That seems pretty insane.
ummm, you are basing the rally off of how your one business is doing?
That seems pretty insane.
In what, pray tell, business are you in.
Oh yeah. Ftards-are-us. Sorry, mybad ktnxbai
He sells wheelbarrows
Sounds like you have a dose of inflation, which is exactly what Zimbabwe Ben wants.
How wonderful, the blogs comments taken over by 20 something year olds on excitement overdrive. When you have been part of the street for atleast 10 years, been through 2 recessions then you teenagers can come out with one line comments. So I suppose no one had the foresight to start thinking, well with shrinking balance sheets, many households will start opting for do it yourself stuff (like knitting) rather than buying ready made. So yeh we started a yarn shop and now we can say over foresight paid off. So all you 20 something and 30 something year old day time Wallstreet salesman stuck in a little cubeholes cold calling much of the day, can either go back to raising and losing money, or have some foresight yourselves.
more parsnips
less monetization
Hey guys, they also bought $4 billion of a 5 year issue that was put out at the end of May (912828KV1), 200million of the 5 year from last week, and some others....

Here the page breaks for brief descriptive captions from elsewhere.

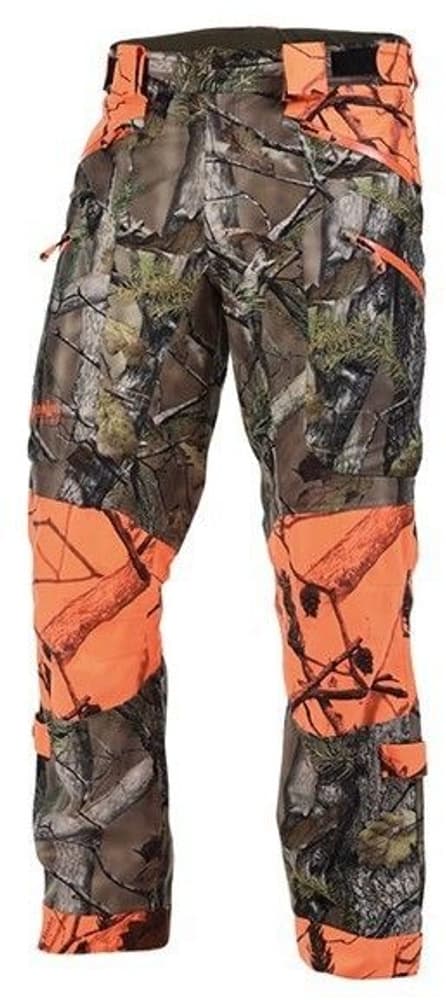 Extreme Lite 2.0 Blaze 3D/Safety Orange Jaktbukse, view: 0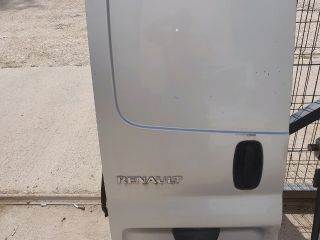 Renault Trafic II RENAULT TRAFIC Bal hátsó Ajtó (Részeivel)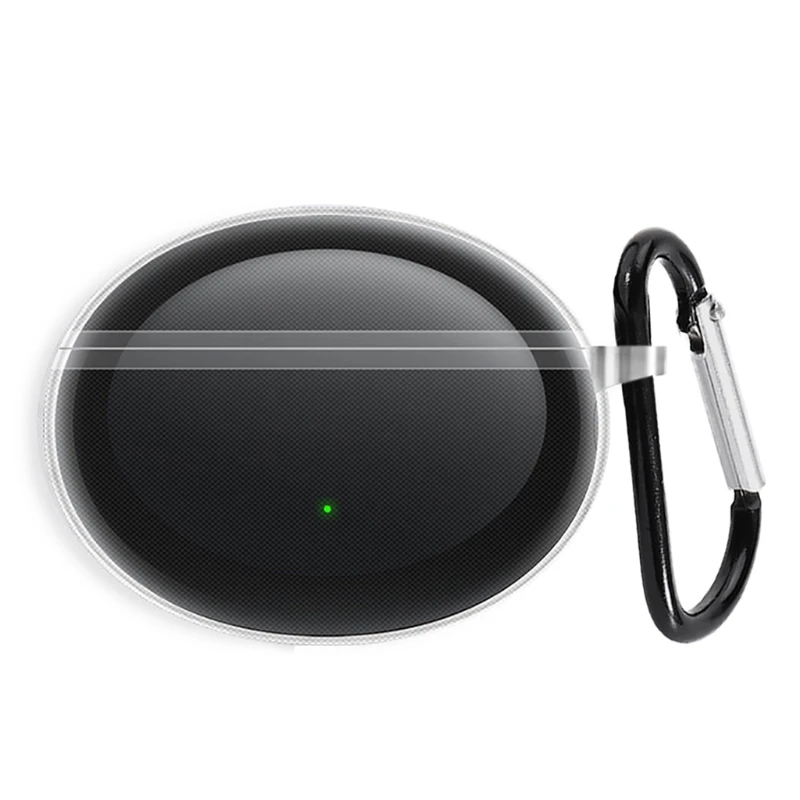 2021 Новый противоударный водонепроницаемый прозрачный защитный силиконовый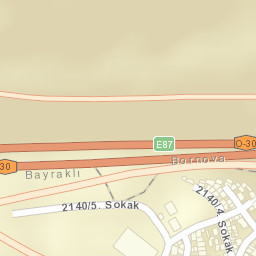 Sokak Görünümü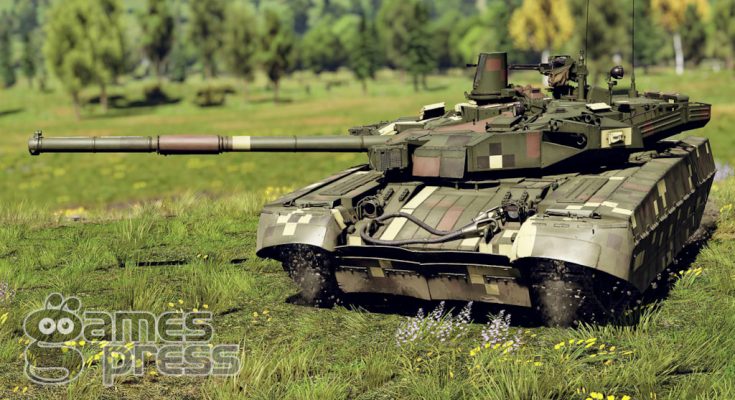 War Thunder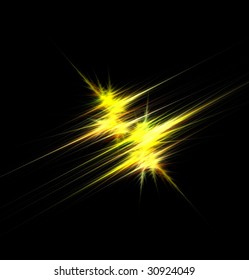 abstract background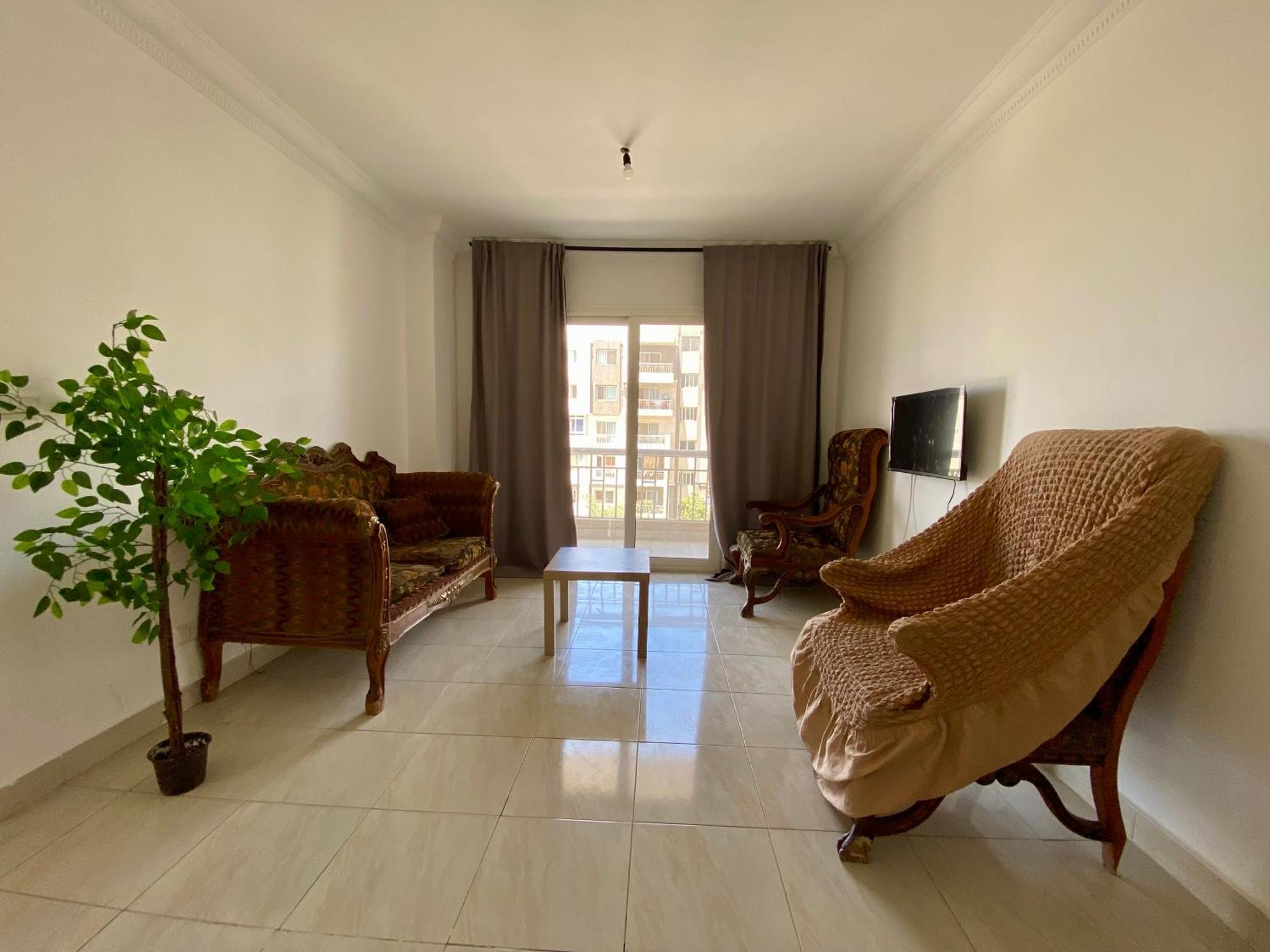 Apartment Jeran *
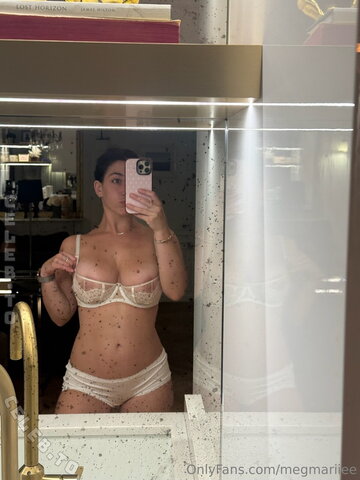 Megan.mariiiee nude photo 5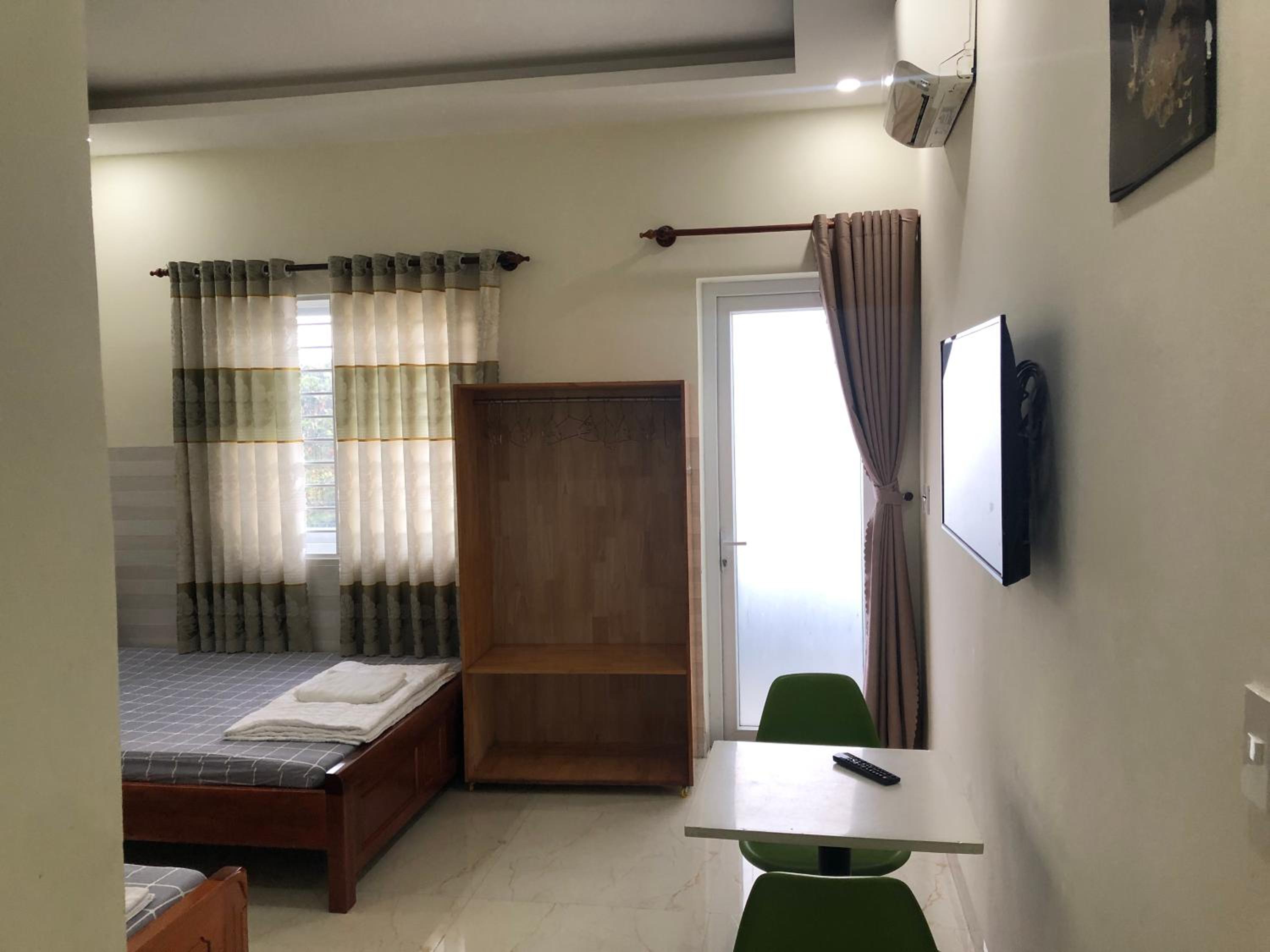 Homestay 05 view 3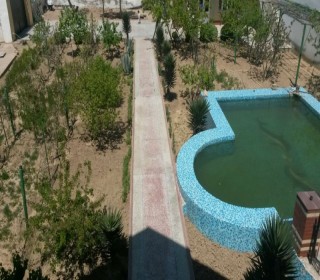 Kirayə (Aylıq) Həyət evi, Xəzər.r, Mərdəkan, Koroğlu.m-11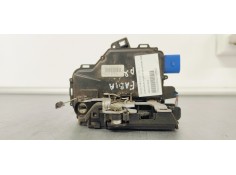 CERRADURA PUERTA DELANTERA DERECHA 3B2837016AB 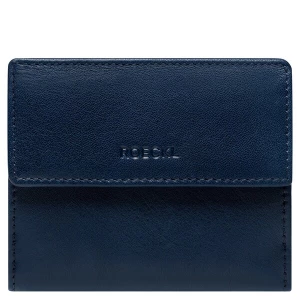 Foto van product Roeckl Portemonnee 'LEVI' navy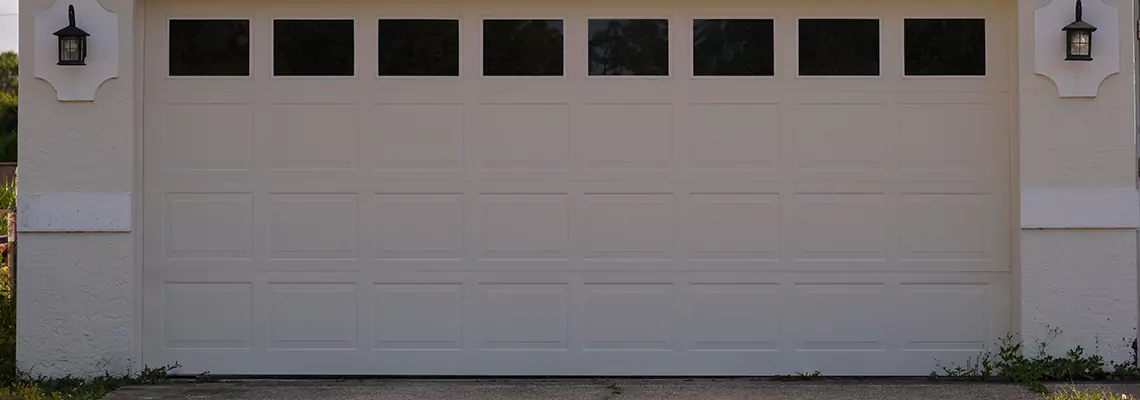 Windsor Garage Doors Spring Repair in Dunedin, Florida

i was wondering about that. someone has to be a good soldier and track CUSIPS from the auctions to when the Fed bought them.
Everyone knows the Fed is monetizing - fine. But supporting an auction that almost failed? I swear, if that auction failed, the whole system might have gone down. I am not being overly dramatic. A failed bond auction in the USA? Scary, scary stuff.
Uh... no. Not quite.
Hey the last auction could have "failed". They "fail" all the time. The result is a spike in realized yields. That's what the auction process is all about.
It's just that the Fed did not want these auctions to fail. Why? Well, the last failed set of auctions caused a minor equity market correction. And market corrections are very bad for issuing new equity... you see where I'm going with this?
So the Fed is now in full frontal monetization mode... probably until the Fall.
A salute to CM for this brilliant observation that tells the tale to all of us with the data in front of our faces all along. That being said, if this is not an excuse to pile out of the dollar and look for stability, I give up. For those that dismiss this, I suggest reading the path the Argentine Republic took from 1990 to 2008 which gives you a rough, probably more peaceful roadmap than the path we are on.
Those that think that a hyperinflationary depression is impossible do not understand the implications of economic history. Think outside the box or be buried in one.
Which is more of why the dollar is safer than any other currency at the moment.... hyperinflation can only be started by active production.... yes, eventually there will be hyperinflation, but as long as the inflation is attacking the first stages of the production cycle, the dollar is the best place to be because once the realization that the inflation cannot be moved through the entire business cycle, it pops and we enter deflation.... which is where the dollar shines. Shorting the dollar is a crowded trade right now my friend.
Personally, I think it's safer because all the other countries are debasing quicker (if you can believe it).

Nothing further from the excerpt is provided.